Abraham, the man of God, the one who had great wealth and many servants, sends Hagar and his son away with meagre supplies. I still meet men and women of God who seem to be blinded by their actions. They have the ability to help, but they don’t. In fact, doing nothing or very little appears to be unkind. Blindness affects the most spiritual.
Hagar, who had named God ‘El Roi’ because He is a God who sees her, has reached the lowest point in her life. God might have seen her before, but now she cannot even face seeing her own son die before her eyes. God seems blind, deaf, and she has to blind herself because she cannot bear hearing her son cry from thirst. She begins to cry.
Then comes the turning point: “God heard the boy crying.”
Who did God hear? Not Hagar, though surely He did. Just like his mother, this next generation, her son, also had to experience El Roi, the God who sees.
God brings hope, a destiny, and a simple command to obey.
Where did the well come from? Did God create it there and then? He could have done. Or was her pain and despair so traumatic that it had blinded her to what was in front of her? In front of her, all the time, was the well. She had come to the end of her life at the very place which would save her and her son.

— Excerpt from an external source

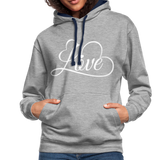 Love Fonts - Frauen Kontrast-Hoodie - Grau meliert/Navy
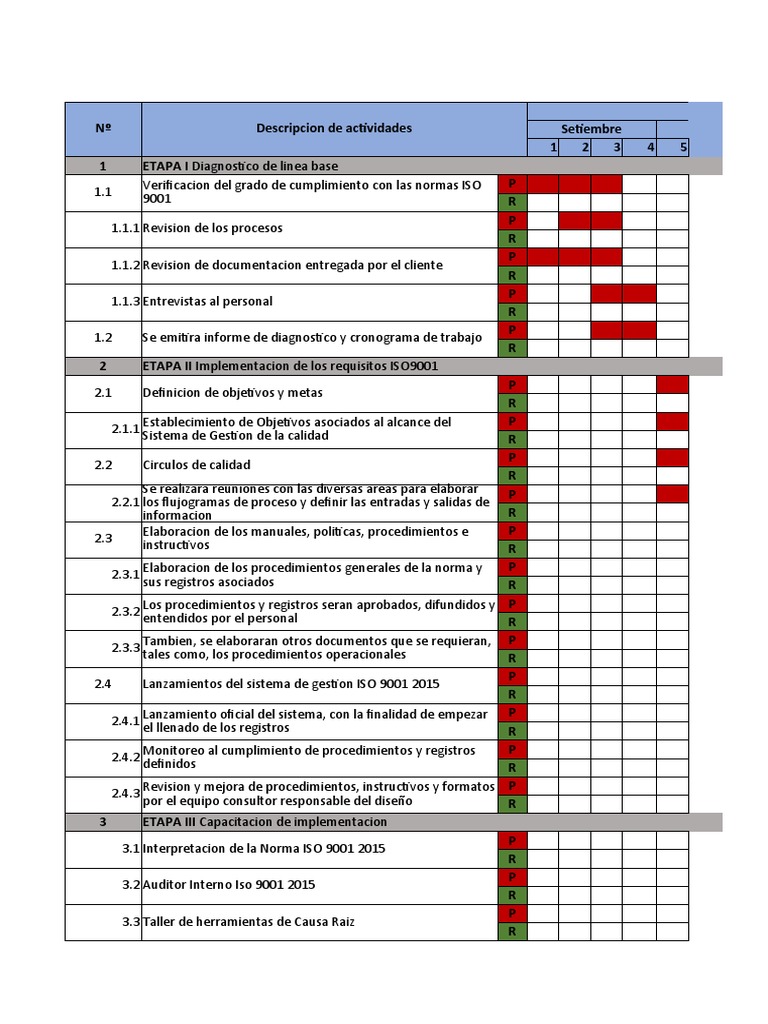 Cronograma de Implementacion | PDF | Auditoría | Procesos de negocio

This place you are in right now may not be the end, but the beginning of a new chapter in your life. Dry your eyes and look up. God’s provision may be closer to you than you realise.
So Hagar’s story comes to an end, for what we know at least. Ishmael grows up in the desert, presumably with his mother, and she finds him a wife from her home nation. God keeps His promise about Ishmael, for he too births a nation.
The lesson is this: The desert doesn’t win. It becomes a servant for the purposes of God in your life. Being cast out, losing everything, isn’t the last sentence in your story. The trauma is real, but so is your God. He sees you and hears you. He has the last word on your life, not anyone else.